**Exercise brief:** Reproduce exactly, and nothing but, the lines between the one with "Grazy, fundadora da" and the end of the entries, both ends included.

*** Opening of Source material ***

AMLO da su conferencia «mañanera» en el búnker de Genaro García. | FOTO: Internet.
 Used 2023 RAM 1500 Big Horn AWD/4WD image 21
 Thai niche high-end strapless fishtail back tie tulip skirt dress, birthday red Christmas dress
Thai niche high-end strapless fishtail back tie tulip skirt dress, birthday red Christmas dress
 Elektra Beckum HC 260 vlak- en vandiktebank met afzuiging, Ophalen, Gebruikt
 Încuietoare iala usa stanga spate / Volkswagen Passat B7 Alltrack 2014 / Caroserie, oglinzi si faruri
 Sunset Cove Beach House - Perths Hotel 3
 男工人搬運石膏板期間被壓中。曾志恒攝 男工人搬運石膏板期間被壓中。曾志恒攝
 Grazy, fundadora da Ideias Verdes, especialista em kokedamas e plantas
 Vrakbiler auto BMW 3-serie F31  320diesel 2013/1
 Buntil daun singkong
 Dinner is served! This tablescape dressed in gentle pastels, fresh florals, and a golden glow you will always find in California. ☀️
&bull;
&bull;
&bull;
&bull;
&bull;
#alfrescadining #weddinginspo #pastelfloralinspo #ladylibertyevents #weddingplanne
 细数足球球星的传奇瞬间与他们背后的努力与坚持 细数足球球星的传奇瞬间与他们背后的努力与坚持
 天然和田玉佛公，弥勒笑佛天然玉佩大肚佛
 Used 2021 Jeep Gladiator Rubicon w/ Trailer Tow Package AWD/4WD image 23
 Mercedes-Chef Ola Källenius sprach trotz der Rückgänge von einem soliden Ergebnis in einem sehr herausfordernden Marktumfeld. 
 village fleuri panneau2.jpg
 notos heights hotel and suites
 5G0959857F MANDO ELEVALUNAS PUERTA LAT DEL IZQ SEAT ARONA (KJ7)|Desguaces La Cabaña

*** Close of Source material ***

**Response to this exercise:**
 Grazy, fundadora da Ideias Verdes, especialista em kokedamas e plantas
 Vrakbiler auto BMW 3-serie F31  320diesel 2013/1
 Buntil daun singkong
 Dinner is served! This tablescape dressed in gentle pastels, fresh florals, and a golden glow you will always find in California. ☀️
&bull;
&bull;
&bull;
&bull;
&bull;
#alfrescadining #weddinginspo #pastelfloralinspo #ladylibertyevents #weddingplanne
 细数足球球星的传奇瞬间与他们背后的努力与坚持 细数足球球星的传奇瞬间与他们背后的努力与坚持
 天然和田玉佛公，弥勒笑佛天然玉佩大肚佛
 Used 2021 Jeep Gladiator Rubicon w/ Trailer Tow Package AWD/4WD image 23
 Mercedes-Chef Ola Källenius sprach trotz der Rückgänge von einem soliden Ergebnis in einem sehr herausfordernden Marktumfeld. 
 village fleuri panneau2.jpg
 notos heights hotel and suites
 5G0959857F MANDO ELEVALUNAS PUERTA LAT DEL IZQ SEAT ARONA (KJ7)|Desguaces La Cabaña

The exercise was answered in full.